Reconozco mi debilidad por Francia, por su arte, su cine, su música, su literatura y, también, por su rebeldía de ahora y de siempre. Siempre he dicho que me gustaría dejarlo todo y largarme a París, ser parte de ese epicentro del mundo que representa para mí la ciudad donde pasearon Eric Satie y Debussy y Fauré; donde una vez, hace ahora diez años, vendí mi alma al diablo buscando a la Julie de Kieslowski en Bleu (mi particular forma de vivir el idealismo); donde poder escuchar, desde dentro de mí mismo, las canciones de Benjamin Biolay, Dominique A, Bertrand Brest, Experience, Autour de Lucie, Françoiz Breut... No, no soy imparcial.

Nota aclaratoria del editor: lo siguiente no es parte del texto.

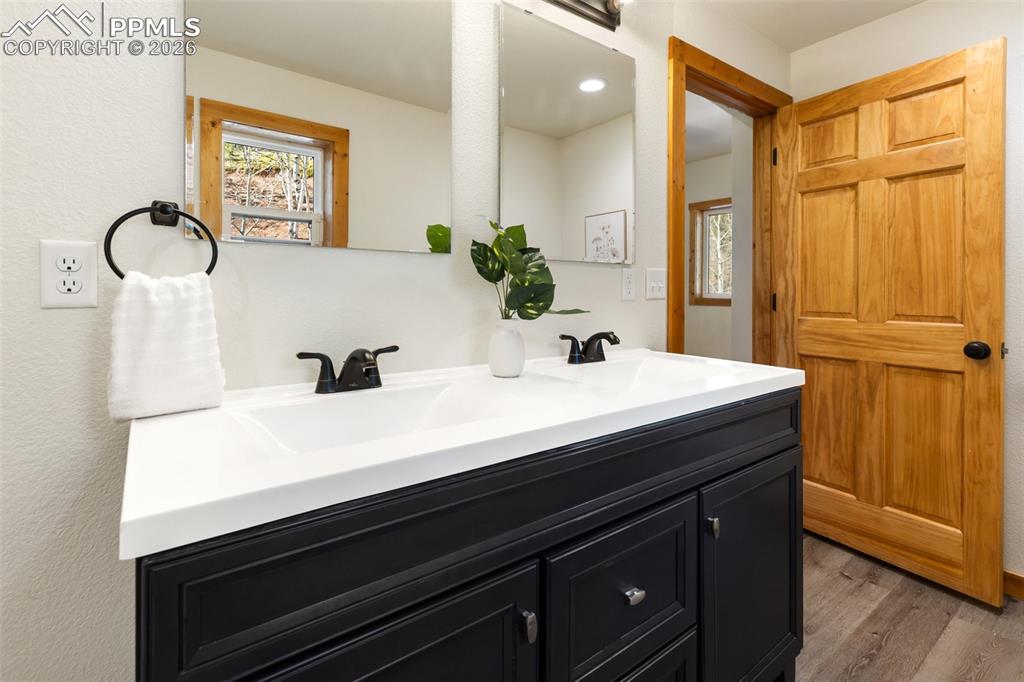 Image 42 of 50: Bathroom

Cuando voy al cine (Avenida, claro) siempre me quedo con la película francesa que pongan. Cuando veo un libro de Michel Houellebecq, lo compro. Nunca experimenté tanta emoción en todas direcciones como en el Museo de Orsay, ni me leo entera otra prensa que Le Monde Diplomatique. Eso no me convierte en una especie de extraño nacionalista: tampoco sé qué sería de mi forma de comprender la vida sin la Islandia de Björk, el Manchester de The Smiths o New Order o el Circulo Polar de Los Amantes... Pero hasta la mayoría de las composiciones de Preisner, que es polaco, están concebidas para la existencia de un mundo donde la excepción cultural habla en francés. C’est la vie.